- DATA FOR THIS TASK
.....
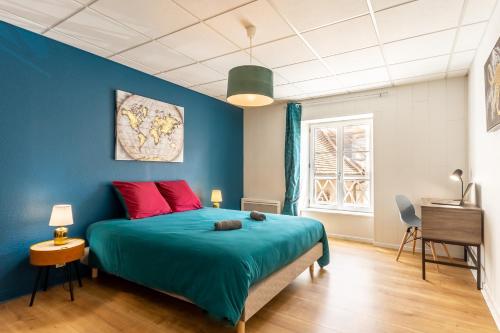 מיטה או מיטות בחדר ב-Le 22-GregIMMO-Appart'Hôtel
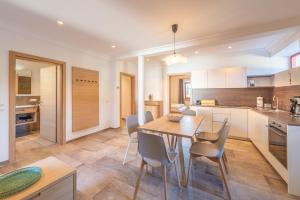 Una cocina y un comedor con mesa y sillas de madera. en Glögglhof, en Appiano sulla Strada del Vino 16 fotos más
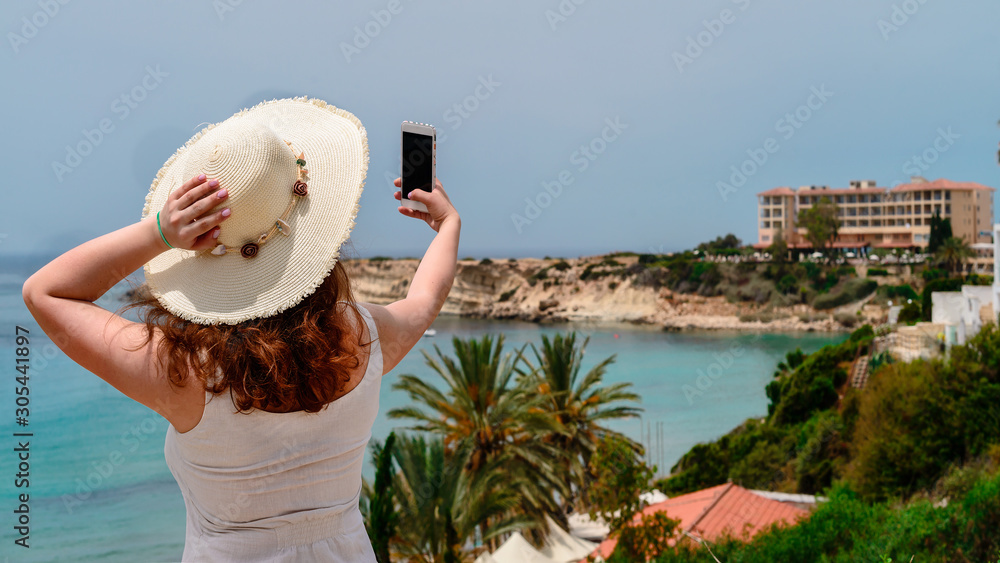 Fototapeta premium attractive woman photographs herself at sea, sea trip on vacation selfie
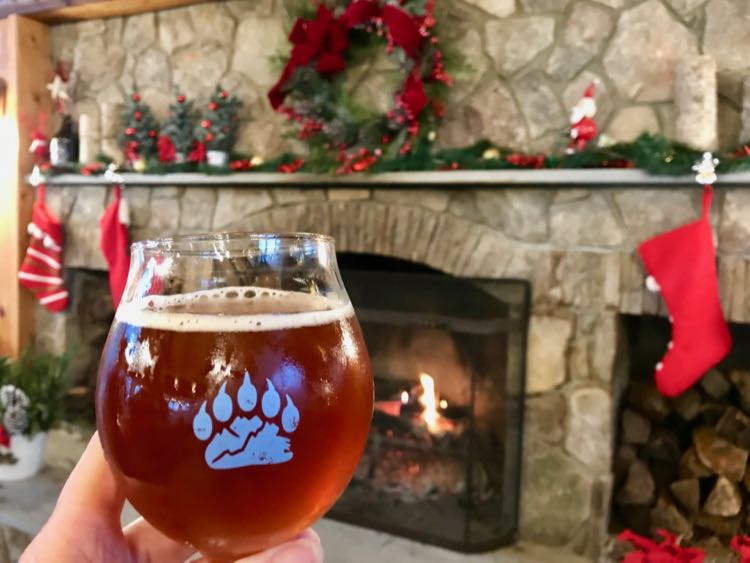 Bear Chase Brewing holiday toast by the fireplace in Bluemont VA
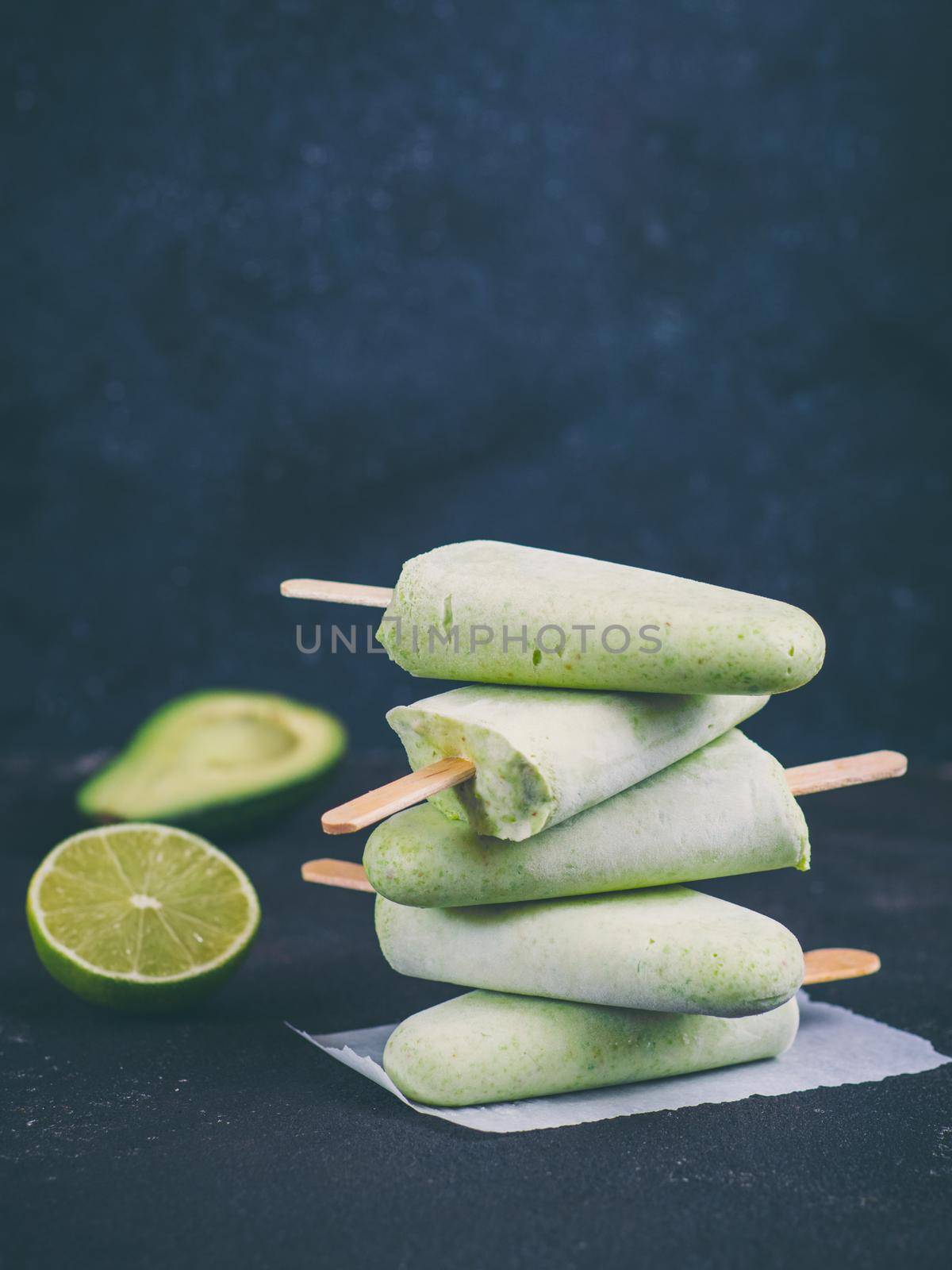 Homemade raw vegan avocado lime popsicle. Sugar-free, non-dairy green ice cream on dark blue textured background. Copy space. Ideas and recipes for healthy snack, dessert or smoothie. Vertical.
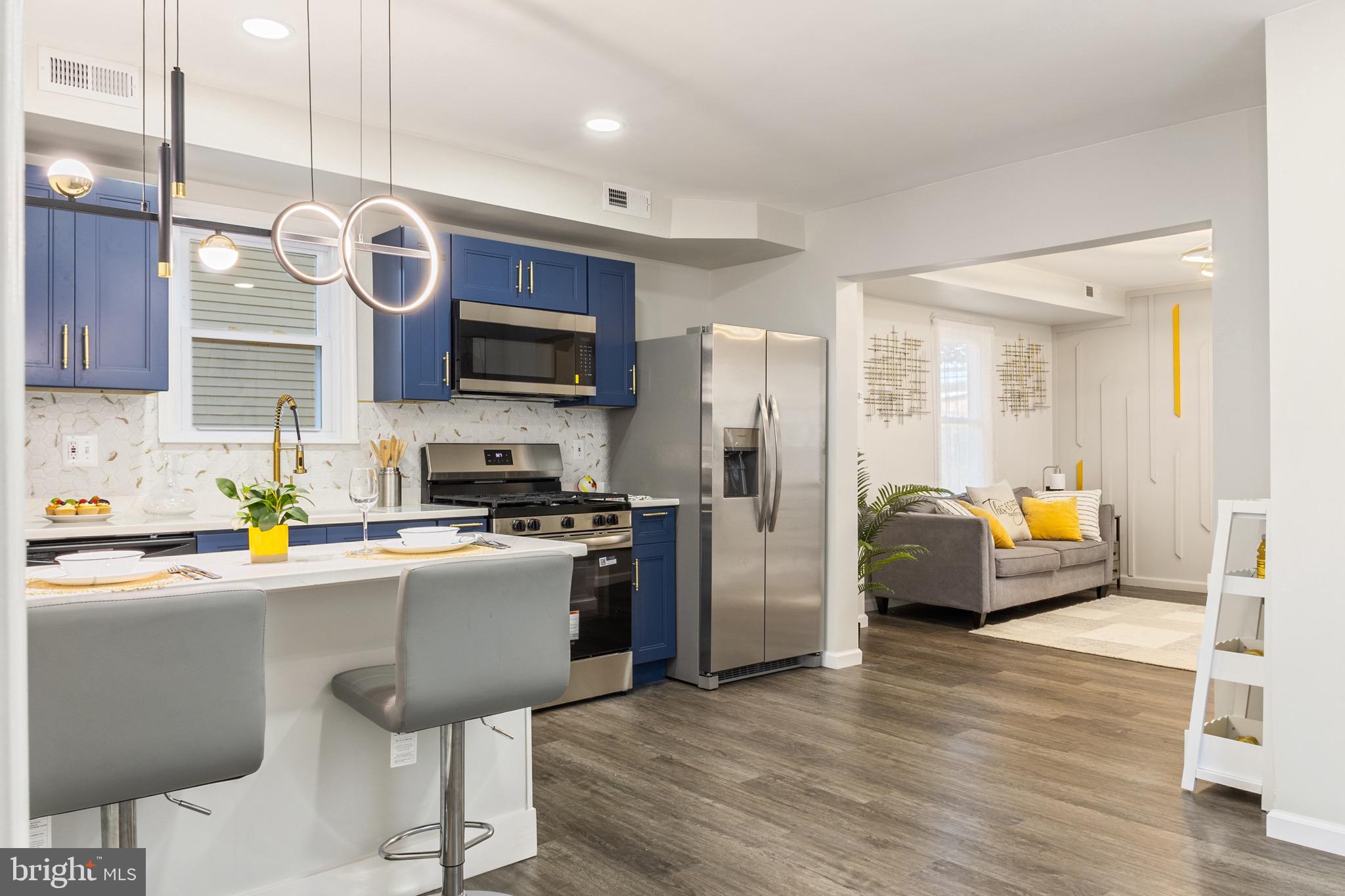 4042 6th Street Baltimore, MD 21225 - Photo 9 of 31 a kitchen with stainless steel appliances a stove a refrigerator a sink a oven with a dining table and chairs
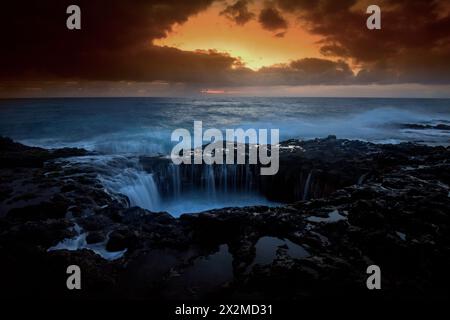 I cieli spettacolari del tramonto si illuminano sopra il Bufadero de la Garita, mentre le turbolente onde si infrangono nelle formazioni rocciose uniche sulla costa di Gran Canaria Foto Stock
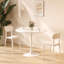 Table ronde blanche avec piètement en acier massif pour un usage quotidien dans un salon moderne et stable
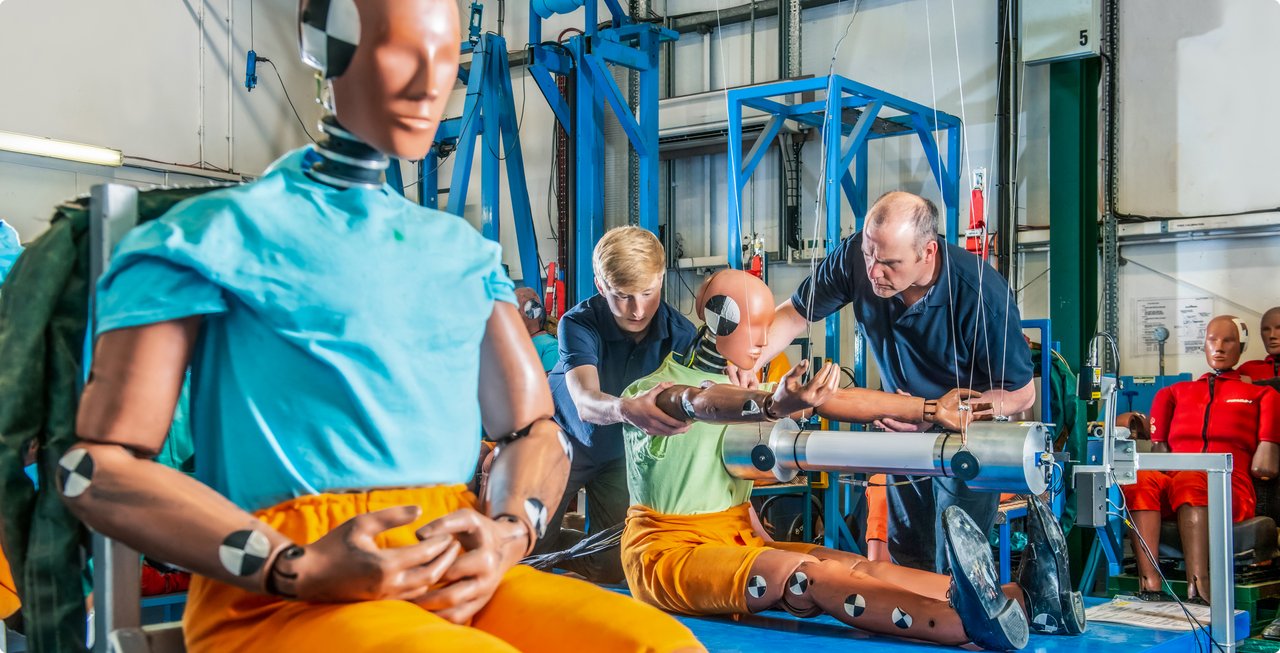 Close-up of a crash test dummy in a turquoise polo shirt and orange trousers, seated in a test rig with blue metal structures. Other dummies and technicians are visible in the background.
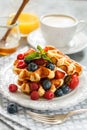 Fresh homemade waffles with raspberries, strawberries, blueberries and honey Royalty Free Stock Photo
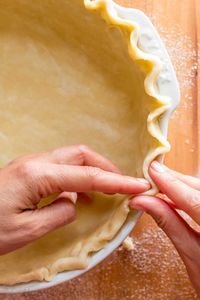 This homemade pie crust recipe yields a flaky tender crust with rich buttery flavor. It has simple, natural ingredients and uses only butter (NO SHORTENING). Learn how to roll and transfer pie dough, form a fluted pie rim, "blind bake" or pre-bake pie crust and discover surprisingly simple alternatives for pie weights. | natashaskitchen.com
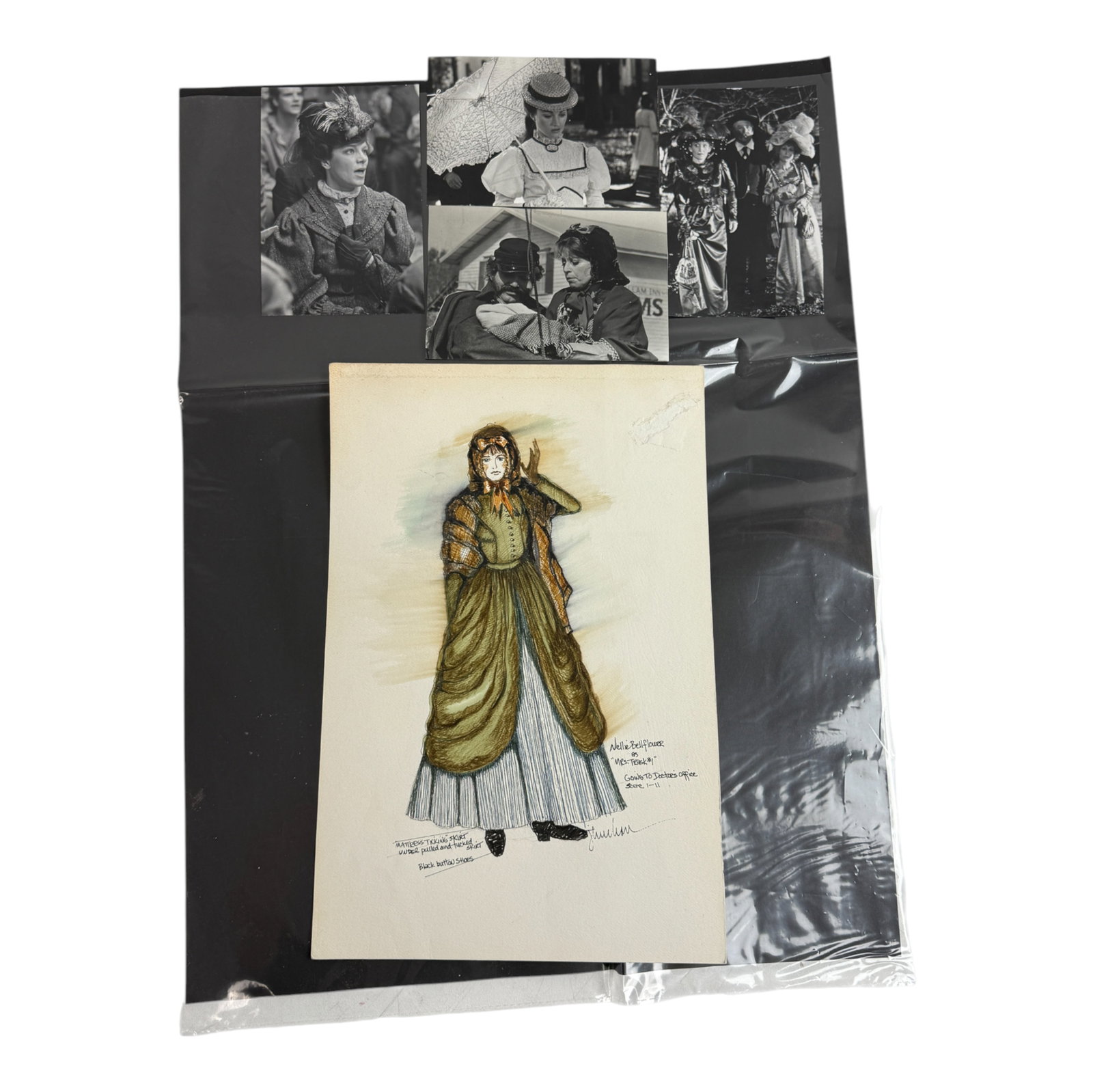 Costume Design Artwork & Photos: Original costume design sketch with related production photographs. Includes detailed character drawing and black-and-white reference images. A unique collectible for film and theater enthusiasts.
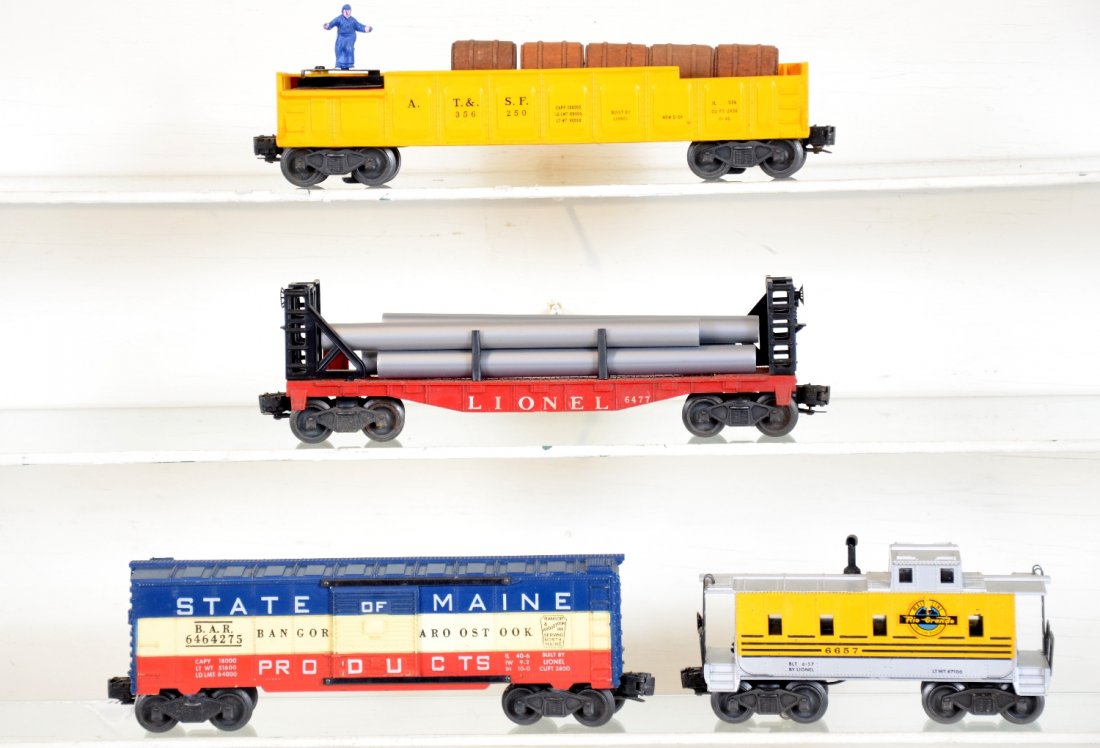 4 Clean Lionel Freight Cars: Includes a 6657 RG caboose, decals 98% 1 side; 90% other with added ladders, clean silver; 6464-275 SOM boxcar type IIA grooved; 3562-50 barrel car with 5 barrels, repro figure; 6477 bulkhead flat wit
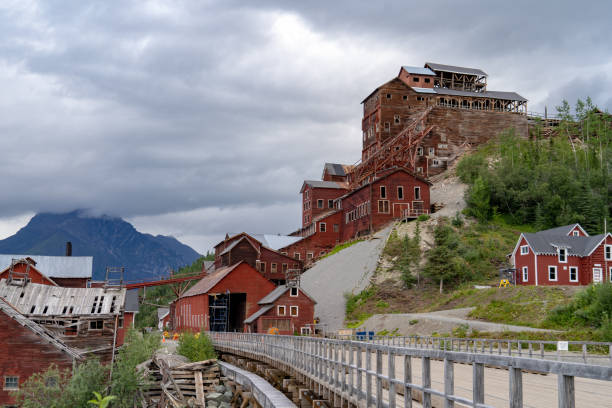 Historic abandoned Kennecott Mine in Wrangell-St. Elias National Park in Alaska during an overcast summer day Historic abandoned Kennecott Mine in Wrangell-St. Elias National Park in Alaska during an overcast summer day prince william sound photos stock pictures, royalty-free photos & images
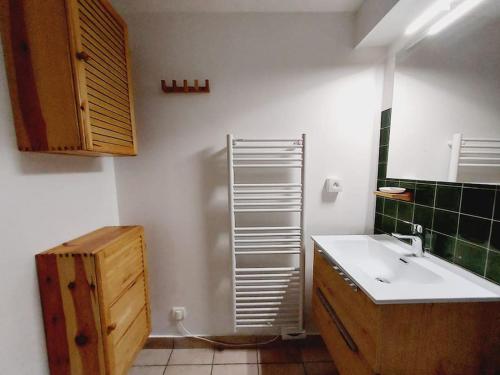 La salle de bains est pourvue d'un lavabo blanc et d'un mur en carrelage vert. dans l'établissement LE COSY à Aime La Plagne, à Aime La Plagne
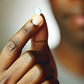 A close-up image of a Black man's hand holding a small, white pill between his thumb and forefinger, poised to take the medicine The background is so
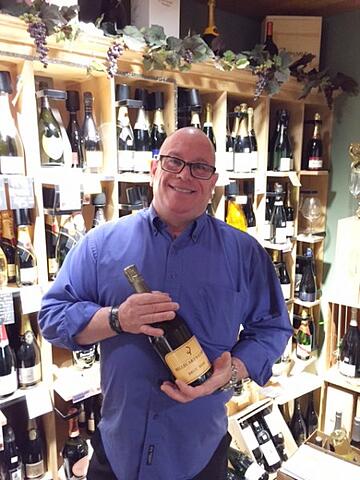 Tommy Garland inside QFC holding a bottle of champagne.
.....
- WORK ITEM
Take the records above from their first line through the line with "Homemade raw vegan" and set those lines down word for word, minus the pictures.

- SOLVED EXERCISE
 מיטה או מיטות בחדר ב-Le 22-GregIMMO-Appart'Hôtel
 Una cocina y un comedor con mesa y sillas de madera. en Glögglhof, en Appiano sulla Strada del Vino 16 fotos más
 Fototapeta premium attractive woman photographs herself at sea, sea trip on vacation selfie
 Bear Chase Brewing holiday toast by the fireplace in Bluemont VA
 Homemade raw vegan avocado lime popsicle. Sugar-free, non-dairy green ice cream on dark blue textured background. Copy space. Ideas and recipes for healthy snack, dessert or smoothie. Vertical.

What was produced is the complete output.